The Seiko SKX007 is powered by the renowned 7S26 Calibre - a tried and tested movement that has inspired an entire family of calibres – the 7S movement range. The non-hacking and non-winding mechanism was first developed in 1996 and promises an accuracy ranging from -20 seconds to +49 seconds per day. The 21 jewels serve as bearings for the movement’s gears. Their ability to minimise friction is owed to their smooth and durable surface. The Calibre 7S26 beats at 21,600 vibrations per hour and delivers a power reserve of around 41 hours, making the Calibre a popular option to use inside many Seiko dive watches. The movement is also protected inside Seiko’s Diashock technology, promising superior protection from severe shocks and unexpected impact. Subsequently, Seiko went on to produce several other variants of the 7S26, namely the 7S26A (1996), 7S26B (2006), and the 7S26C (2011) – each one bearing very little differences.

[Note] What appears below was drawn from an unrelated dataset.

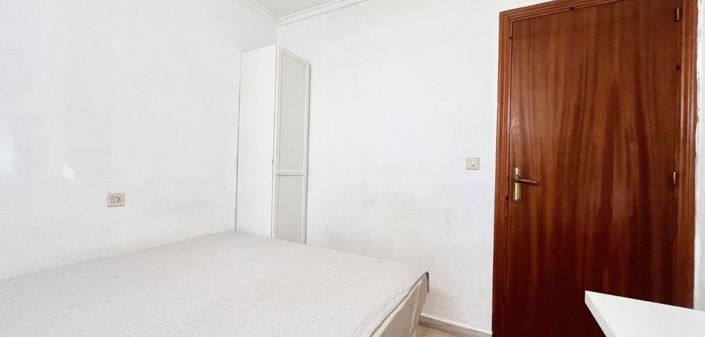 Image No.31-3 Bed Townhouse for sale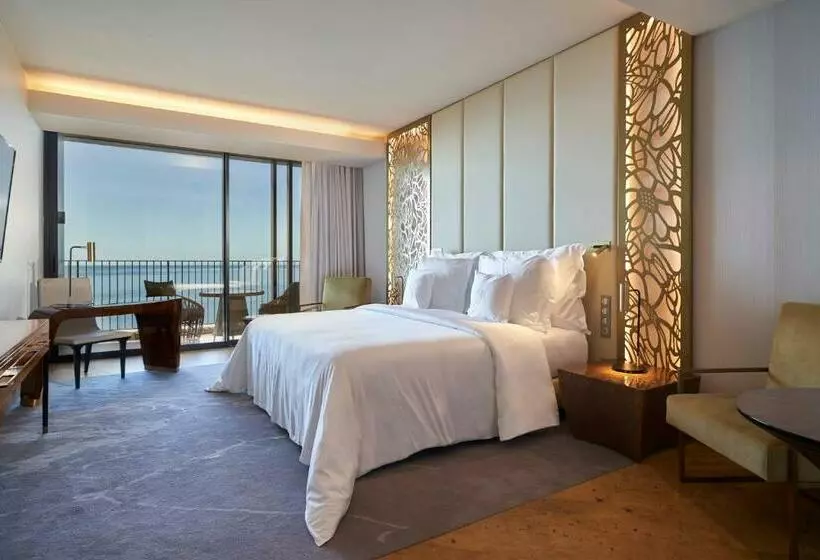 オーシャンビュースタンダードルーム, Savoy Palace, The Leading Hotels of The World Savoy Signature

The value proposition of the Seiko SKX007

If the likes of the Rolex Submariner are considered an iconic dive watch in the luxury industry, the Seiko SKX007 is certainly its affordable counterpart. For many budding watch enthusiasts, it was their first dip into the dive watch genre. For others, it made for a perfect entry point into mechanical watches. The dive watch is equally as well made as it is well-received for its price tag. The SKX007 is no longer in production and it is this precise choice by the brand not to evolve the model that impacted on an even larger following. Over a decade ago, the price for the SKX007 was anywhere around the 200 USD mark. The chance of mistaking the watch for a replica was almost non-existent. The watch has become a collector’s item which now sells for much higher. The dwindling availability of the SKX007 on the market has no doubt sent prices higher. The watch is now worth double its original price and coupled with the fact that the SKX007 used a very affordable movement, counterfeit models have become considerably easy to manufacture.

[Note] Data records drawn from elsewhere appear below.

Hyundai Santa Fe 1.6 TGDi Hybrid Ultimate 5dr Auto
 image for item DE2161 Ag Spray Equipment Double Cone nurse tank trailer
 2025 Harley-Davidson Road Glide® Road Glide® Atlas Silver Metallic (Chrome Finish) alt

It is still unknown as to the reason why Seiko never updated the SKX. Many hardcore fans would agree that an updated movement is all that would have been required to keep the dive watch in line with the demands of the modern collector.

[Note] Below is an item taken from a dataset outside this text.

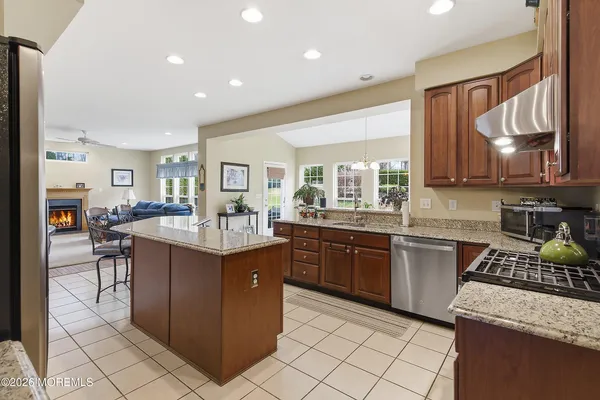 $889,900 | 27 Penn Place, Forked River, NJ 08731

“…the affordable legend of the dive watch industry”

There, of course, will always be alternatives to the SKX007 that make for a great investment piece. Those from the Seiko 5 Sports series for example, like the 5KX, are powered by a COSC-certified movement promising a superior performance. Combined with its see-through caseback and its affordable price, many similar qualities to the SKX007 can be enjoyed in the design of the 5KX. The Seiko Mini Turtle is another similarly designed watch to the SKX007 and is powered by the 4R35 Calibre – an upgrade to the SKX movement. The smaller and more compact version of the Seiko Turtle dive watch is built to look like a classic Seiko watch and promises the same 200-meter water resistance.

Buying the Seiko SKX007 for collectable purposes makes a lot of sense, and whilst there are many other Seiko models in the brand’s current catalogue that offer the same or improved features, there will always be something incredibly unique and desirable about a watch considered the affordable legend of the dive watch industry.